Jim Purgerson enthusiastically seconds that view. Purgerson is president of the Ashland Alliance, the regional development partnership that serves Ashland, along with Boyd and Greenup counties, in Kentucky.

“Prospective new industry looks at regions and labor market areas, not individual cities or political jurisdictions,” he says. “Collectively, we can support a first-class airport that would provide reliable and affordable service; individually, we can’t. Let’s think regionally and work together. We will all win.”

Reason 4. A new airport will cost far less than proposed upgrades at Yeager and Tri-State.

Part of Yeager’s strategy in fighting the idea of a new airport has been to argue that any new airport would be a costly white elephant and that, for a modest outlay, Yeager could be upgraded to fully meet all the region’s future air service needs.

In doing so, they consistently overstate the cost of building a new airport while grossly underestimating the cost of upgrading Yeager – tossing out figures of $500 million to build a new airport and $50 million to upgrade Yeager.

But studies done for the Port Authority put the cost of building a regional airport at the Lincoln County site at $370 million and the cost of a comparable upgrading of Yeager at $393 million.

That’s assuming that Yeager is allowed to expand into adjacent Coonskin Park, an idea that’s drawn fire from many park lovers. And if Yeager expands, Tri-State may also feel it necessary to press ahead with its long term expansion plans.

Requests made by Yeager and Tri-State for improvements total far more than the estimated cost of a new regional airport.

Reason 5. A new airport will provide safe, reliable service.

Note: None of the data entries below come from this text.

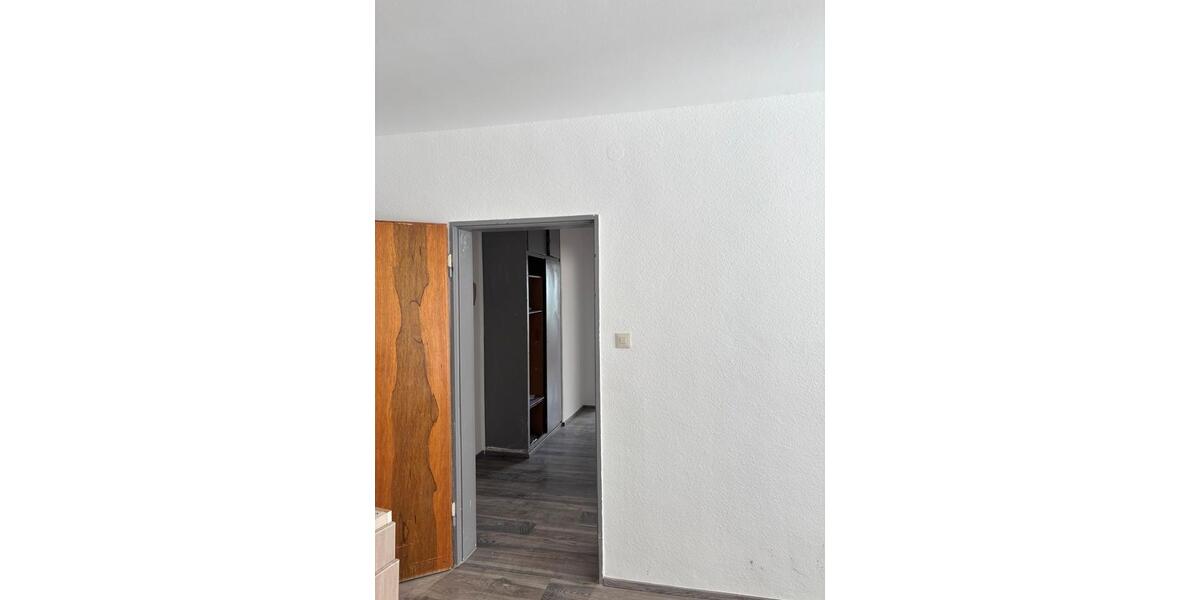 Etagenwohnung Dietzenbach - 2 Zimmer, 52 m&sup2;, 990&euro; | Angebot:26252828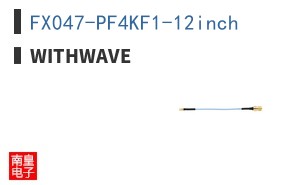 FX047-PF4KF1-12inch ͼƬ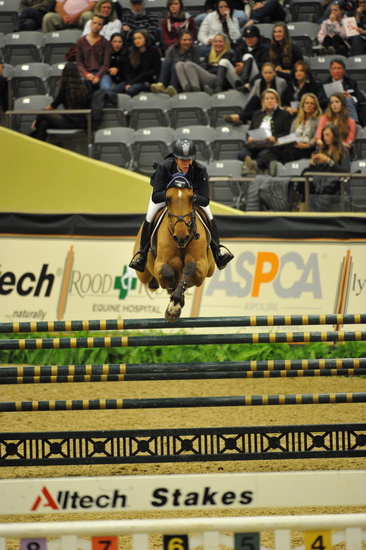 NHS-11-5-11-GrandPrix-3653-ChristineMcCrea-Avenir-DDeRosaPhoto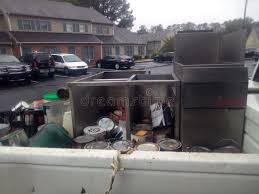Best Electronics and E-Waste Disposal  in Cumings, TX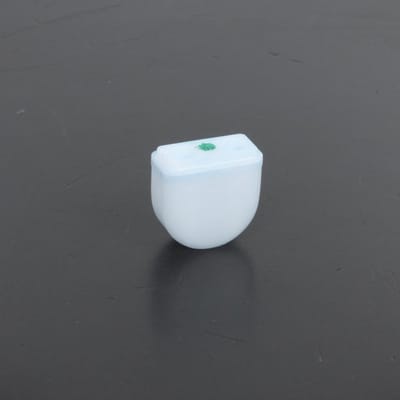 4grs vlotter voor dellorto phm 15760.3 carburateur per stuk nieuw motorfiets tt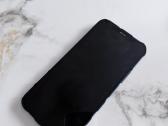 iPhone 12 - nuotraukos Nr. 2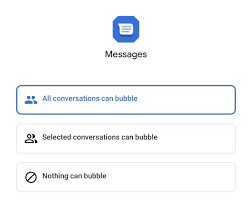 Today we're pushing the source to the android open source project (aosp) and officially releasing for developers, android 11 has a ton of new capabilities. Android 11 Changelog Full List Of All 50 New Features Android Gadget Hacks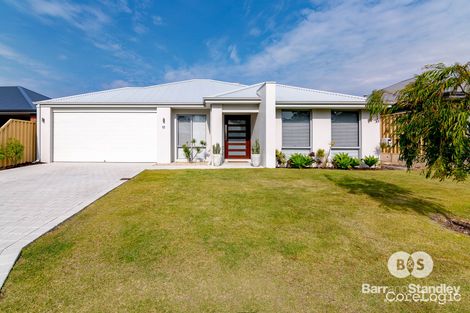 Property photo of 12 Sirius Street Dalyellup WA 6230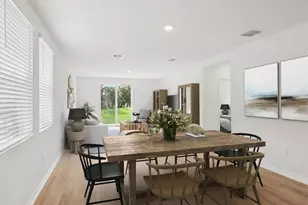 14510 SW New Dawn Rd, Indiantown, FL 34956 - Photo 7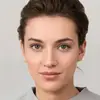 Florence Reade - @florencereade - TikTok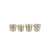 Zilver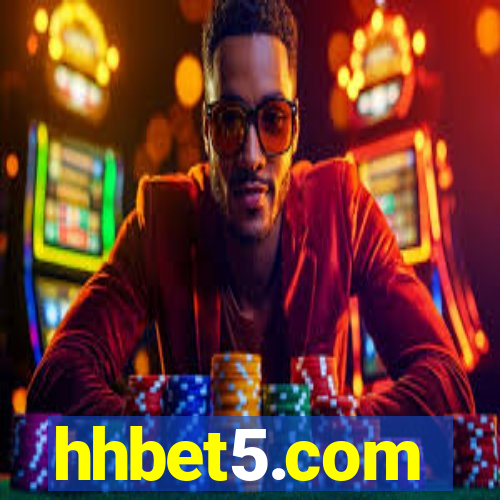 hhbet5.com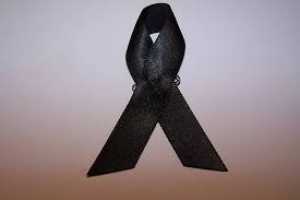 El Partido Popular traslada las condolencias a los familiares de  Miguel Muñoz Mayor.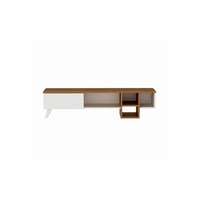 comodaramonaalb-nucsanal mobilya140cm x 342cm x 30cm imagen 45_0_
0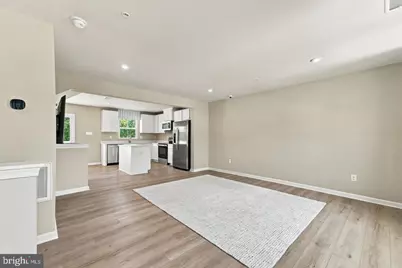 1180 W Walnut Road #F-34, Vineland, NJ 08360 - Photo 13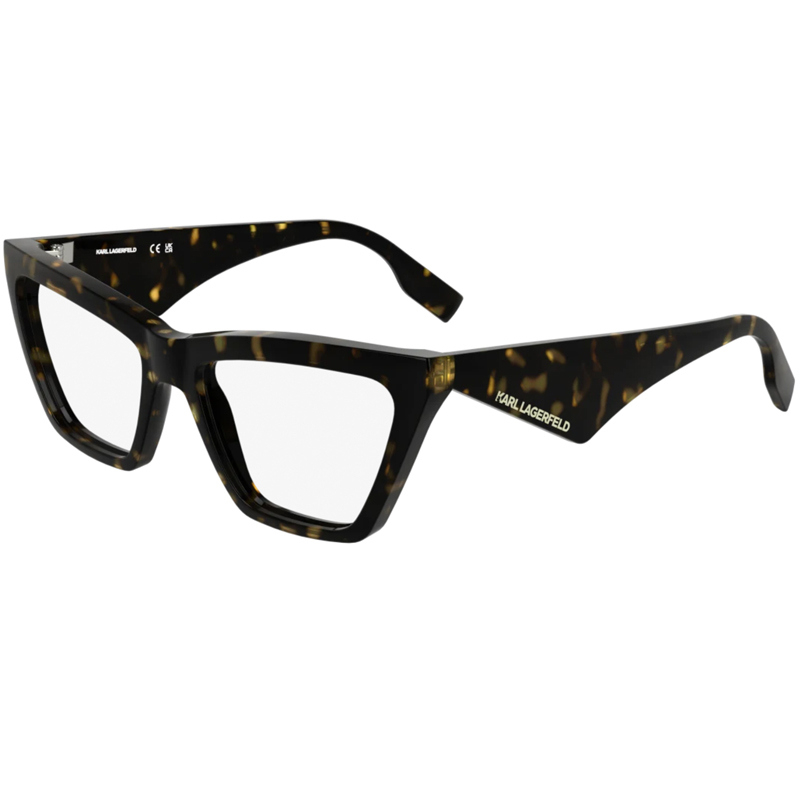 KARL LAGERFELD KL6195-242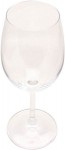 Obrázek Sklenice na bílé víno 350 ml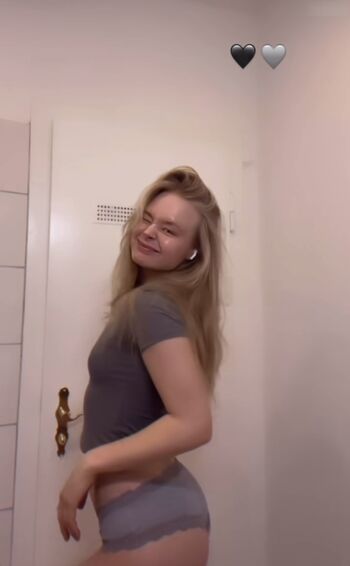 Marieejoan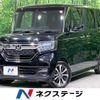 honda n-box 2018 CFJ1726915 image 1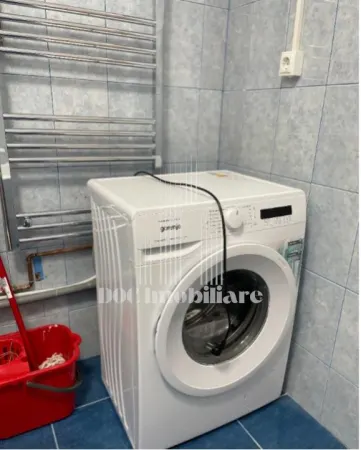 Apartament 1 camera București - poza 8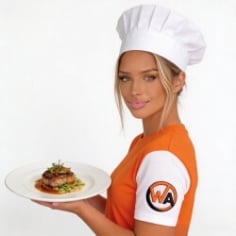 Web Agency Roma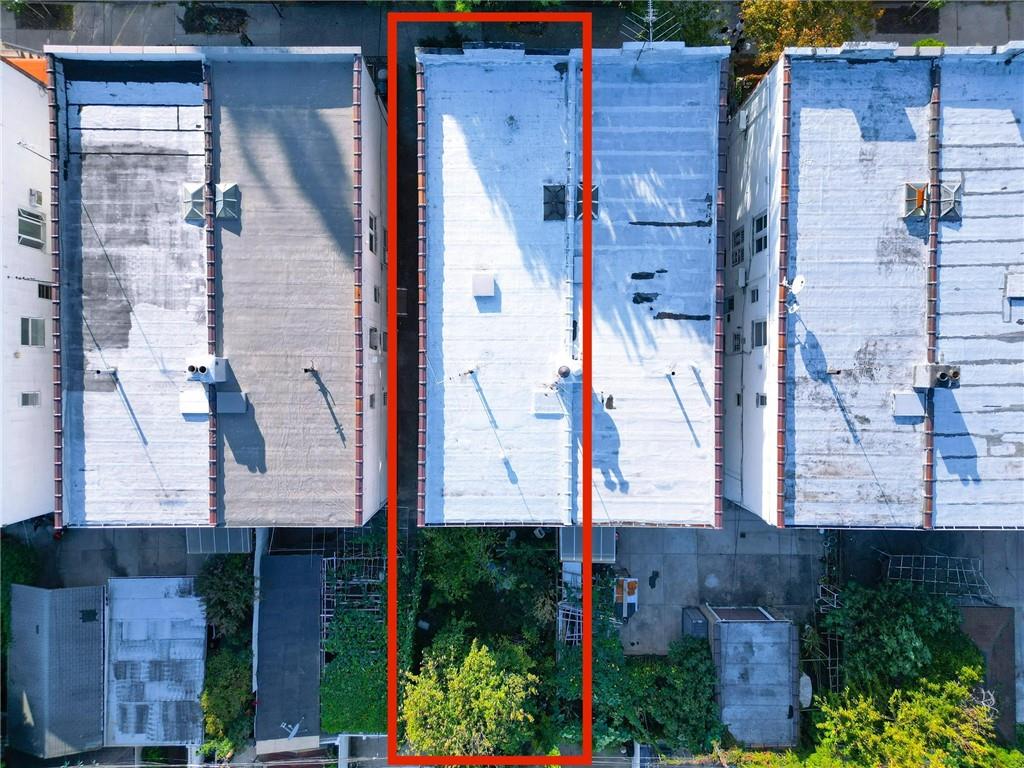 83 Van Sicklen Street Image 5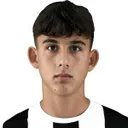 Axel Velev — Tiền đạo, Lokomotiv Plovdiv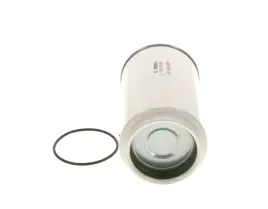bosch-f-026-402-865-filtr-paliwa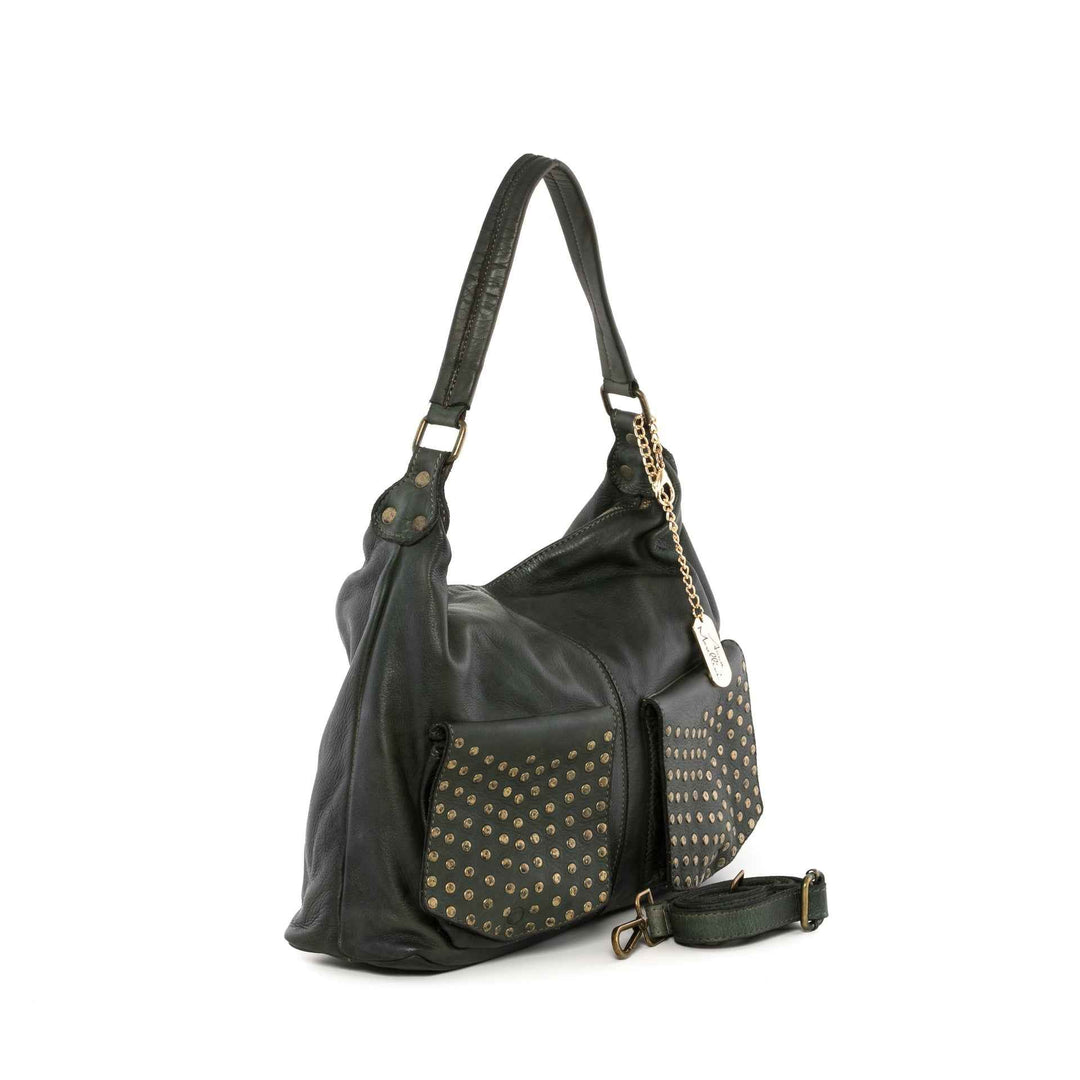 Camilla- WB135322-DARKGREEN (368)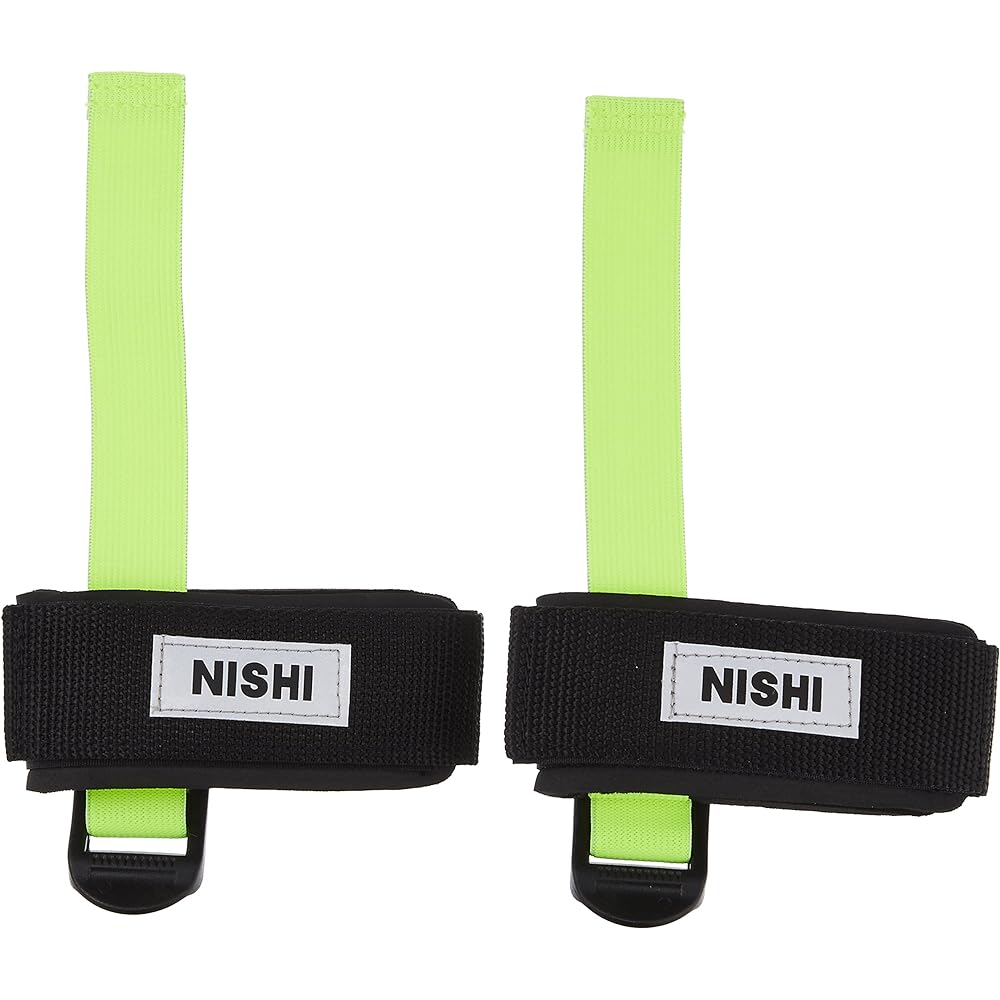 Nishi Sports (NISHI) Foot Trainer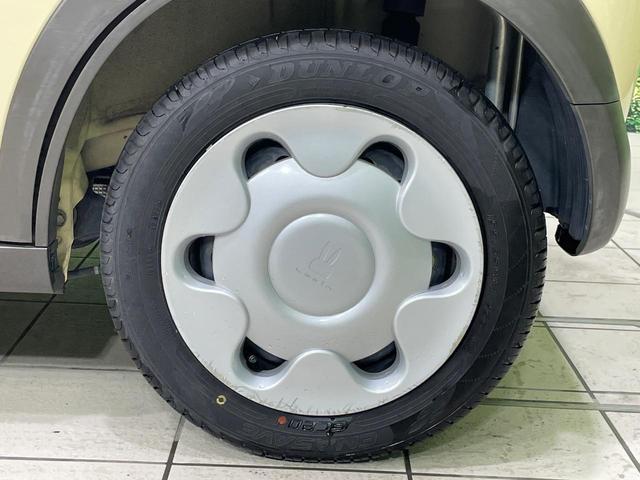 アルトラパン Ｓ　ＳＤナビ　全周囲カメラ　衝突被害軽減システム　Ｂｌｕｅｔｏｏｔｈ接続　シートヒーター　ドラレコ　スマートキー　ＨＩＤヘッド　ビルトインＥＴＣ　オートライト　ＣＤ　ＤＶＤ再生　フルセグ（27枚目）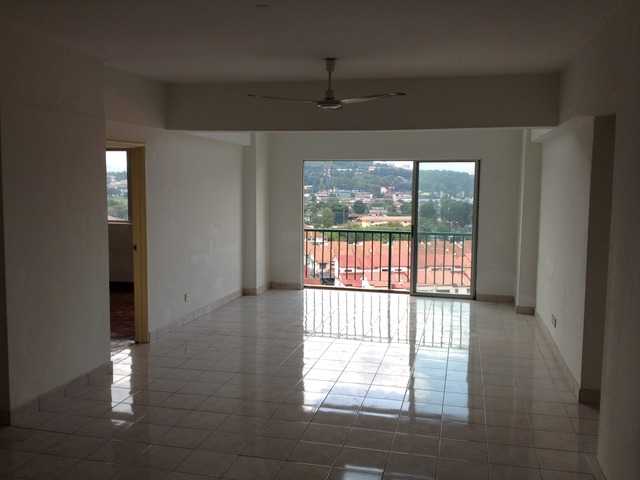0 Casa Villa Condominium Sg Chua Kajang 1600sf - photo 6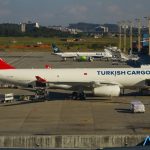 Turkish Cargo-10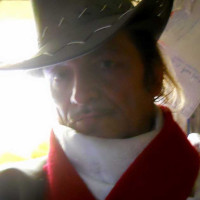 Mihail, Россия, Калуга, 55 лет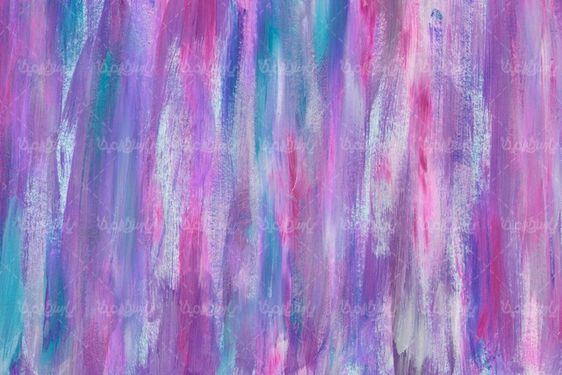 Free textures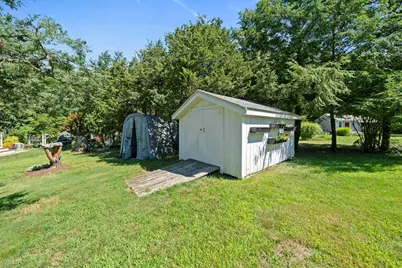 50 Florida St, Marshfield, MA 02050 - Photo 19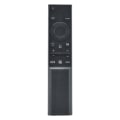 Miniatyrbillede 3 af 4: Fjernbetjening til bn59-01358b bn59-01358d universal smart tv bn59-01363 01358d (www)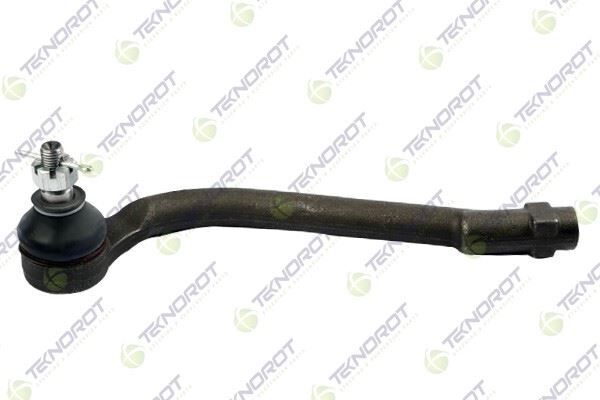 Rot Başı Dış Sol Hyundaı İ30 1.4L 1.6L Benzinli 07-11 1.6L D4Fb Crdi Dizel 07-11-Kıa Ceed 1.4L 1.6L Benzinli 07- 1.6L D4Fb Crdi Dizel 06-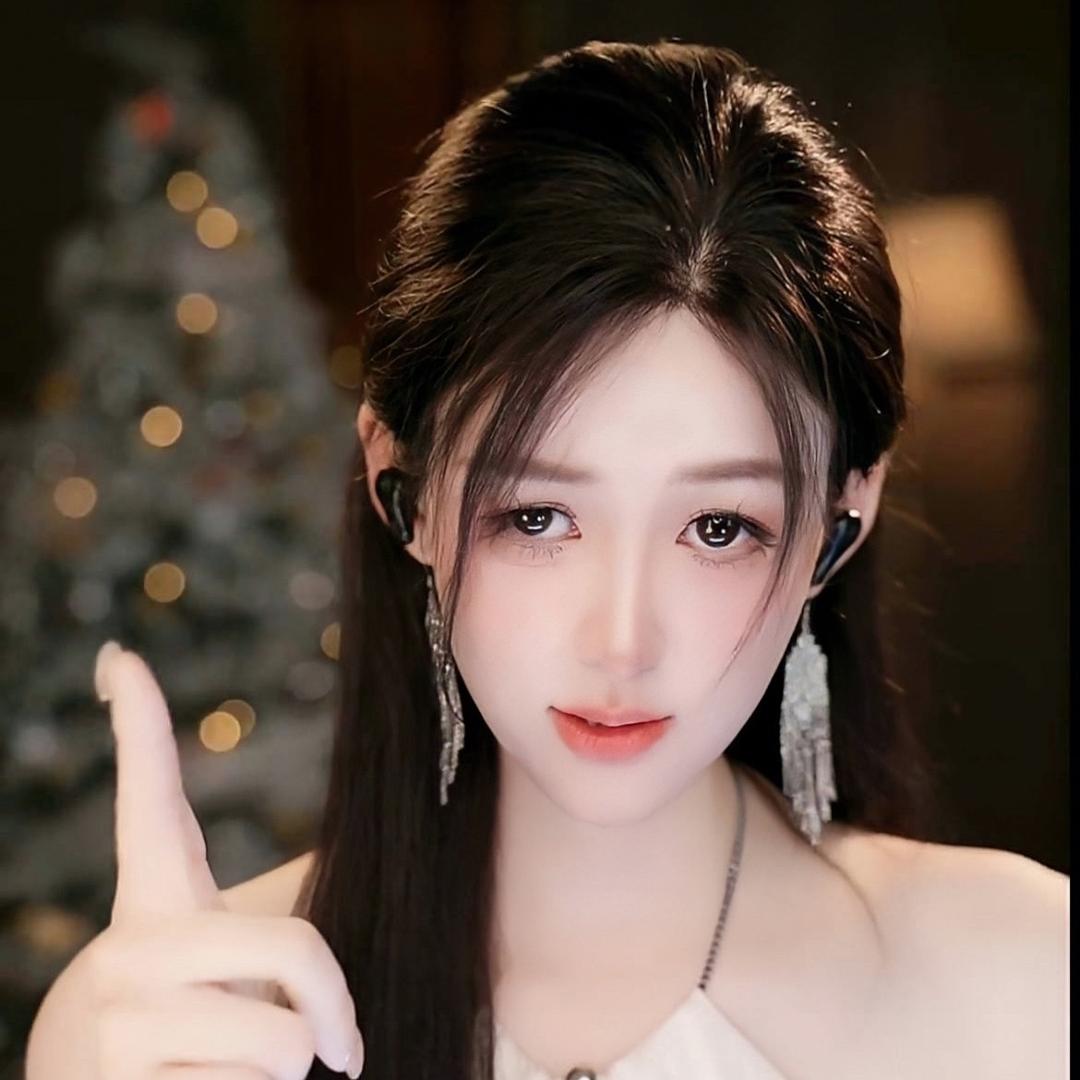 孟想³²³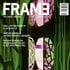 Weight1 cover 02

Yeager Airport is often shrouded in fog because of its location near the Kanawha and Elk rivers. These conditions lead to frequent delays and flight cancellations.

The “safety zone” approaches on both ends of Yeager’s main runway are less than 300 feet – far short of the 1,000 feet required by the Federal Aviation Administration. In addition, Yeager operates on a number of other FAA “variances.” Its passenger terminal is located too close to the main runway and its taxiways are too narrow.

Such concerns have prompted Yeager’s unionized air traffic controllers to embrace the idea of a new airport. Asks Michael L. Casto, president of the Charleston Tower, National Air Traffic Controller Association, “Is there any wonder why the air traffic controllers who work at Yeager Airport and see these deficiencies on a daily basis unanimously support a new regional airport?”

The evidence is overwhelming: Our region needs a new, modern airport.

Kenneth H. Busz, president of the Huntington Regional Chamber of Commerce, puts it well.

“If you just look at the number of passengers now using Tri-State and Yeager airports,” Busz asserts, “it’s easy to argue that we don’t have enough passengers to justify building a new airport. But we’re not building an airport for today’s needs, we’re building it for tomorrow’s. We’re building it for our children and our grandchildren.”